Hyperoxia Injury in the Developing Lung is Mediated by Mesenchymal Expression of Wnt5A.
AUTHORS
- PMID: 32023086[PubMed].
- PMCID: PMC7233334.
ABSTRACT
RATIONALE: Bronchopulmonary dysplasia (BPD) is a leading complication of preterm birth that affects infants born in the saccular stage of lung development at <32 weeks of gestation. Although the mechanisms driving BPD remain uncertain, exposure to hyperoxia is thought to contribute to disease pathogenesis. OBJECTIVE: To determine the effects of hyperoxia on epithelial-mesenchymal interactions and to define the mediators of activated Wnt/β-catenin signaling after hyperoxia injury. METHODS: Three hyperoxia models were used: A 3D organotypic co-culture (3D-OTC) using primary human lung cells, precision cut lung slices (PCLS), and a murine in vivo hyperoxia model.
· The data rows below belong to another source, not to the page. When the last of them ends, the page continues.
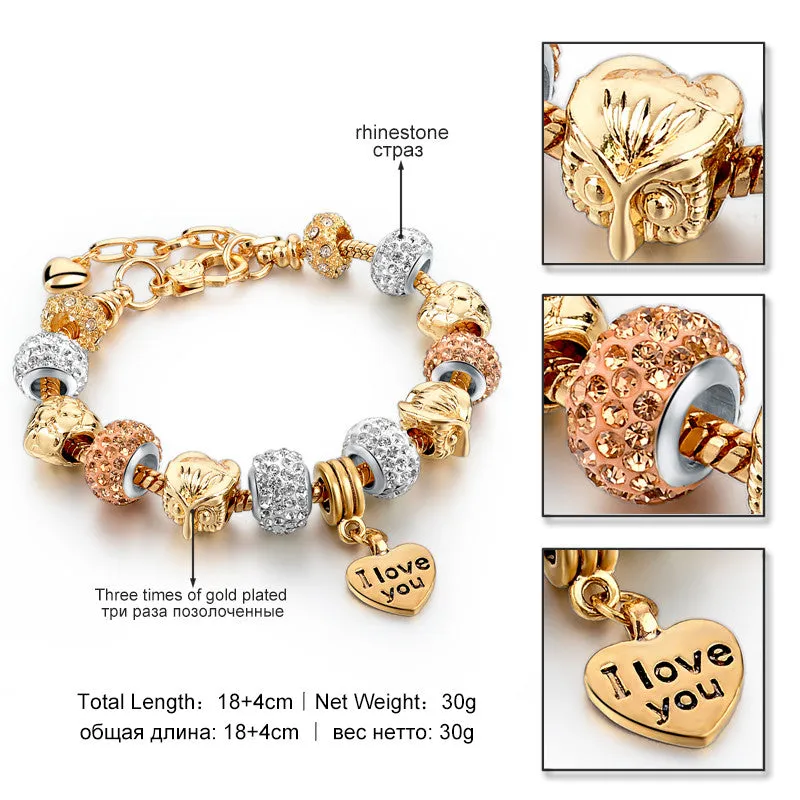 Rose Gold Love Charm Bracelets & Bangles For Women Crystal Beads Friendship Bracelet Femme Famous Brand Turkish Jewelry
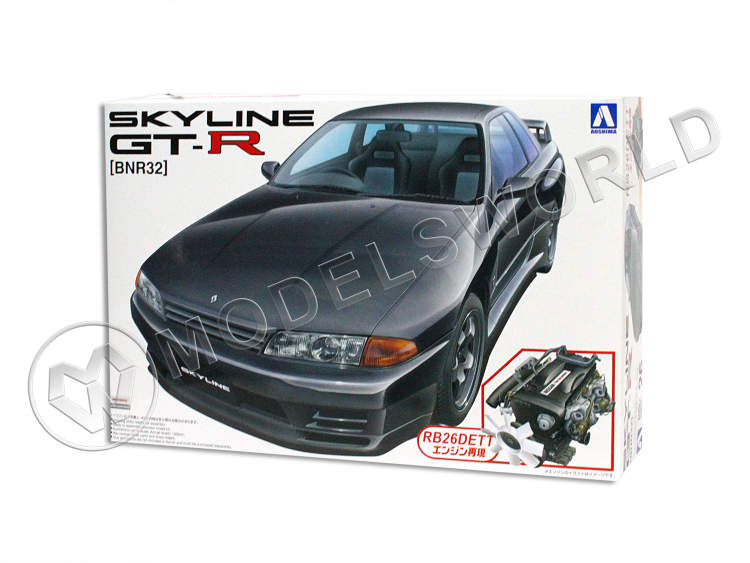 Склеиваемая пластиковая модель Nissan Skyline R32 GT-R c детализированным двигателем. Масштаб 1:24 - фото 1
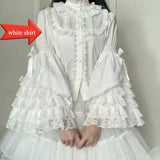 GETADME 2025 Japanese Lolita Blouse White - Cute Puff Sleeve Shirt with Lace Cuffs for JSK Dress Sweet Vintage Style Underblouse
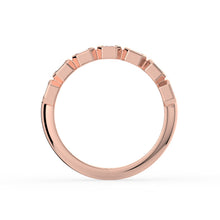 The Sara Ring - Emerald Bezel Set Half Wedding Band in 18K Rose Gold – The Jewel Concierge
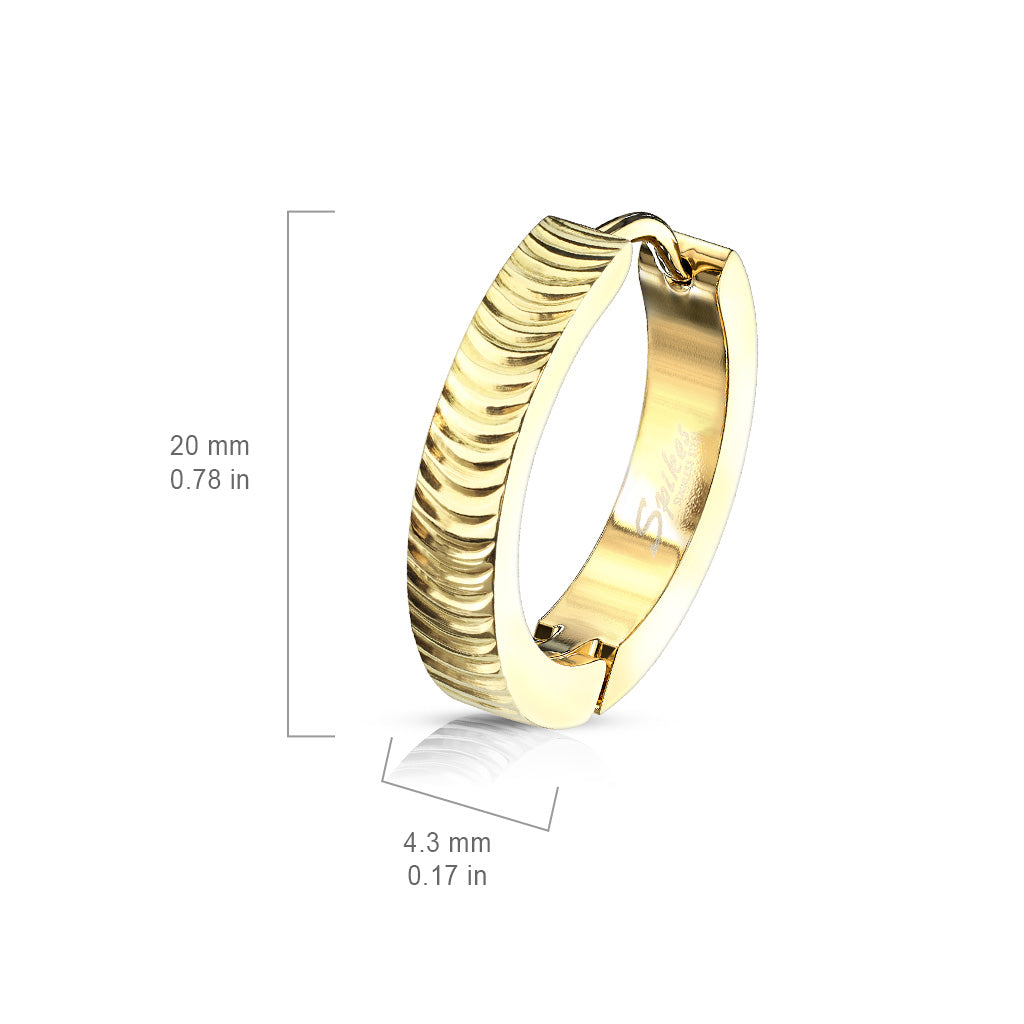 Cherry Diva Earrings Silver Grooved Hoop Earrings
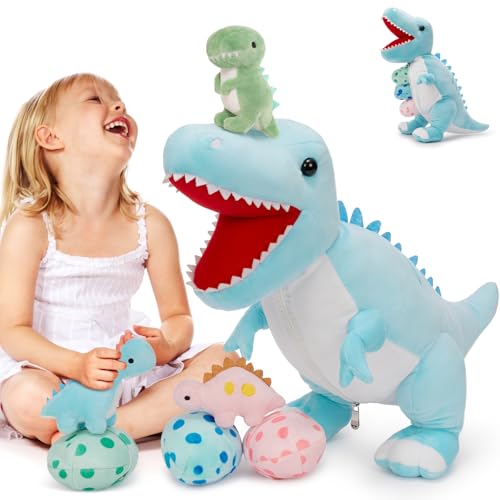 MorisMos Dinosaur Stuffed Animal with Babies,23.6'' Big Mommy Stuffed Dino T-rex with 3 Baby Dino Stuffed Toys & 3 Eggs Plush Inside Belly, Boy Girl Dinosaur Toys for Kid 3-5,Blue T-rex Toys Gift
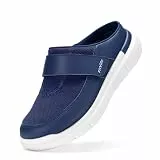 FitVille Extra Weit Hausschuhe Herren Senioren Slipper mit Klettverschluss Männer Pantoffeln Marineblau 46 EU Weit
Comparisons of normoxia and hyperoxia exposed samples were made by RT-qPCR, RNA in situ hybridization, quantitative confocal microscopy, and lung morphometry. MEASUREMENTS AND MAIN RESULTS: Examination of an array of Wnt ligands in the 3D-OTC revealed increased mesenchymal expression of WNT5A. Inhibition of Wnt5A abrogated the BPD transcriptomic phenotype induced by hyperoxia. In the PCLS model, Wnt5A inhibition improved alveolarization following hyperoxia exposure and treatment with recombinant Wnt5a reproduced features of the BPD phenotype in PCLS cultured in normoxic conditions. Chemical inhibition of NF-κB with BAY-11-7082 reduced Wnt5a expression in the PCLS hyperoxia model and in vivo mouse hyperoxia model, with improved alveolarization in the PCLS model. CONCLUSIONS: Increased mesenchymal Wnt5A during saccular stage hyperoxia injury contributes to the impaired alveolarization and septal thickening observed in BPD. Precise targeting of Wnt5A may represent a potential therapeutic strategy for the treatment of BPD.